I first discovered the photo a year ago, in a trunk in New Mexico when I was visiting my dad for Christmas. It was with hundreds of other photographs—snapshots and portraits and cabinet cards and even daguerrotypes—in a collection I had never seen before, though they were family pictures. I took a stash of the photos back to Chicago with me last December, but this picture stayed behind, and it was only last month that I saw it again when my dad brought it. You can click on it to look closer.
These are the Jamesons. They are my mother’s paternal family, my great-great-grandparents, Ammie and Joe Lee; the boy in the hat is Malcolm, my great-grandfather. The girl at the end is Vida, his sister. They are on the San Antonio River and it is 1893.
In 1893 they are in San Antonio because Joe Lee is the bookkeeper and steward at the Southwest Texas Insane Asylum. They live there, actually, on the asylum grounds in an apartment in the administration building. Other staff members live there, too, including, in 1896, the superintendent, a Dr. MacGregor and his wife, who will be my other great-grandparents.
Later the Jamesons will move to Austin so that Joe Lee can work in the Capitol as the State Revenue Agent of Texas. Curiously, he will endorse a popular line of adding machines and his name will appear in hundreds of turn-of-the-century magazine advertisements that will come up in a search on Google Books. Thanks to scanned ephemera, his name lives on in a way he hadn’t planned.
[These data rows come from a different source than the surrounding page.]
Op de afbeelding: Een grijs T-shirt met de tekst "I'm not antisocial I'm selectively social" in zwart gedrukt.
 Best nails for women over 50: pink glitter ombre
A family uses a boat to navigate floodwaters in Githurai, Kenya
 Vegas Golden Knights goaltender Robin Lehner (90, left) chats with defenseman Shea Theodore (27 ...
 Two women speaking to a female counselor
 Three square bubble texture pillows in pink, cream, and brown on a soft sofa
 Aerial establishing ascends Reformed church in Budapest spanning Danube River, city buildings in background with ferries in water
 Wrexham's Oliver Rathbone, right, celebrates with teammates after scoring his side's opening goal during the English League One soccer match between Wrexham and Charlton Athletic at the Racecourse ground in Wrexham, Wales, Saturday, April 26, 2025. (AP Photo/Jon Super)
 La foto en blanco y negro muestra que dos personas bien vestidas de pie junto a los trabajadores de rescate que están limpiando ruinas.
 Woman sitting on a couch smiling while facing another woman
In Austin the Jamesons will live in a big house that they do not own, a tall, narrow mansion with ceilings so high that when Vida, age five, leans too far over the stairway banister, she will fall nineteen feet. Somehow she will survive the accident, but die a year and a half later, in 1900, from meningitis. I will find yellowed newspaper clippings, an account of the governor’s wife draping ropes of violets over her casket.
I will at first wonder why Joe Lee left his government job to work for an oil company in Beaumont, Texas, until I figure out the connection to Spindletop, an astonishing geyser of oil that bursts out of the ground in 1901 and begins the modern oil industry. To pursue the opportunity, the family moves to Beaumont, to an address that Google Street View shows as an empty lot now. The address came from newspaper clippings, too, reporting Joe Lee’s death, from typhoid fever, in 1904, at the age of thirty-four.
Joe Lee is buried back in Austin, in a plot with Vida and Ammie, who died much later. This spring I saw their graves and the place where the big house stood across from the Capitol. In a city where I’d never been, in the weedy grass of a cemetery, there were the stones of these people who sort of (for lack of a better word) belonged to me.
This is the story so far. I keep trying (and, I think, failing) to express what it’s like to put together the pieces these people left. For no reason, really, except that the pieces are there, the scrapbooks and the photos and, sometimes, a detail that I remember hearing from my mother or or someone else. There are other pictures, of course, but this one really stays with me. I’m sure part of it is the nature of the photo—posed not as a portrait, but as a moment. It makes me feel like I’m encountering them in a dream.
I think about how they stopped in the river to take the picture, to look across the water toward the bank, at all of us here on shore.